Manborg - Astron 6 - Featured

Manborg Review

Manborg - Astron 6

It’s damn near impossible to make a film that can properly and exactly replicate what it’s like to watch a truly awful Z-grade cheesefest and make it entertaining. The good folks from Winnipeg Astron-6 have been trying for a while now, and finding a great bit of success. Manborg, the latest film from the VHS era aping production company (which played alongside fellow production and audience award winner Father’s Day at last year’s Toronto After Dark Film Festival) continues in that tradition with a cyborg based rip-off, with mostly amusing results.

Awakening after nearly being killed to death during a war against the humans and the armies of hell, a young man (Matthew Kennedy) awakens to find he has become a half-man, half-cyborg living in a futuristic dystopia that functions as hell on Earth. With a chosen band of imprisoned human vigilantes, Manborg fights for justice and revenge against the society that created him while making his way closer to Count Draculon, the ruler that also killed his beloved brother.

Instead of mimicking the feeling of an 80s Terminator rip-off, creator Steven Kostanski seems to be skewing closer to a mid-90s film that’s been gathering dust in obscurity before something like Found or Everything is Terrible decides to pick it up. This very clear labour of love, made for a budget in the low four figures definitely has a distinct “can do” attitude to it while dutifully replicating the direct-to-video edict that states a film didn’t have to be good, it just had to be completed.

But therein also lies the problem with the film overall. The film’s knowing and winking sense of ironic detachment from the time period it’s purported to be from leads to a tonal inconsistency it can’t fully overcome. For the first 20 minutes or so of an hour long film, Kostanski struggles with showing any degree of sincerity in his homage, with the bits that are written to be funny to the viewer working far better than the laboured attempts at trying to make the audience care about what’s going on. It’s only half the puzzle to making a film like this work overall. Kostanski has clearly watched plenty of these movies to understand their general structure, but he can’t quite find the tone.

For example, when the film stops with the overacting and one liners and tries to mount a fight scene, the motives of the material get called into question. Even by the low standards of bad movie fights, they look and feel somewhat laboured when there should be at least a tiny degree of sincerity to them. Sometimes it feels like Kostanski is also trying to make the film look even more cut rate than it already is, which again, feels like a forced choice and not something that would organically happen in such a production. It’s why going out and intentionally trying to make a bad film is such a risky proposition, since it might not end up as funny as you might have intended. It’s still fun, but in a different and more awkwardly integrated way.

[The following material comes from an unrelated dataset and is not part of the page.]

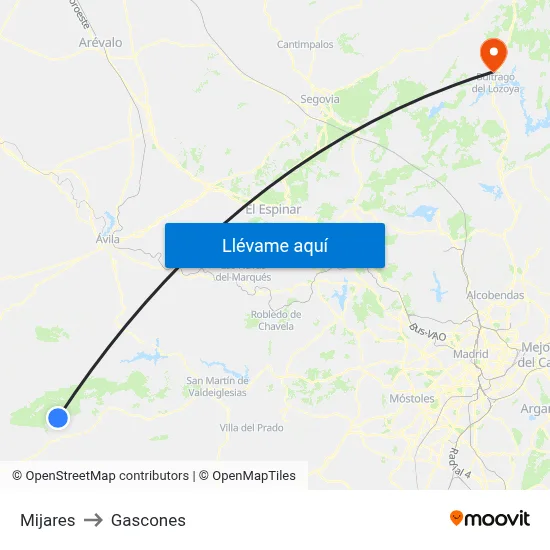 Mijares to Gascones map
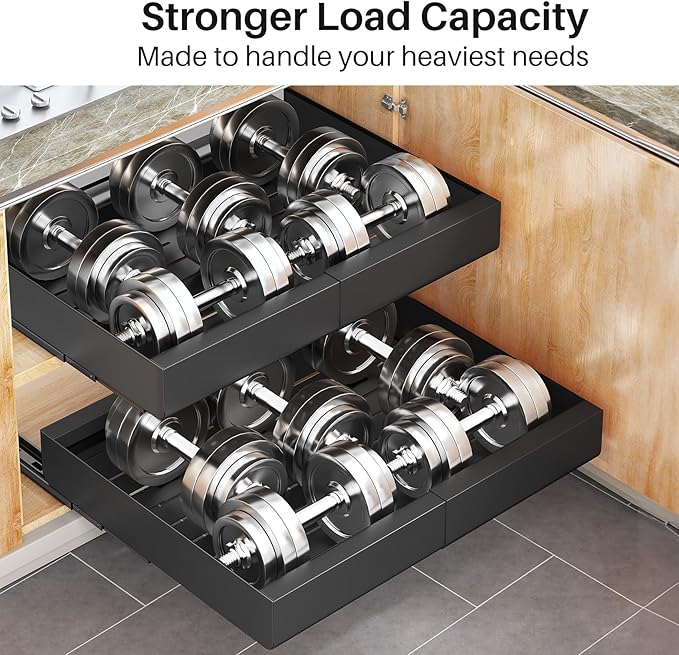4 Pack Pull out Cabinet Organizer, Expandable(12"-20") Heavy Duty Slide out Drawer Fixed with Adhesive Nano Film for Pots, Roll out Shelf Storage for Kitchen Organization, Pantry, Bathroom(Black)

It feels removed from the rest of the film, coasting on the silliness of it all while occasionally forgetting that a tiny dash of playing things straight goes a long way in these types of films.

Still, a film that’s this funny and goofy is hard to really dislike, and the cast seems game for pretty much anything. Kostanski’s visuals and effects literally pop all over the place in creative and admirable ways considering that it looks like even the cheesier moments cost more than the budget of the film would allow. He also has a real knack for establishing his characters and giving them amusing things to do along the way. Kennedy does a great job as the borg of few words who doesn’t understand his powers and very awkwardly gives a thumbs up to people at times. Adam Brooks’ does such a great job with the film’s central villain that one wishes he was in the movie more than he is, and Jeremy Gillespie does the near impossible of giving a great comedic performance  as a love sick prison guard from beneath an almost entirely immobile demon mask.

Manborg also does a fine job of recreating the kind of kitchen sink filmmaking that was evocative of the era despite still not knowing how to balance it all. There’s kung-fu, dancing Australians, a pair of women fighting each other with a shared past. There’s a lot to like here if you like cheese, and the film does come with the stellar Kostanski directed and created trailer for the non-existent film Bio-Cop which nails the tone of such a shitshow more perfectly in 10 minutes than this film can really pull off in 60. Maybe if Kostanski was just give about $20 more to add to this film it could have been even better.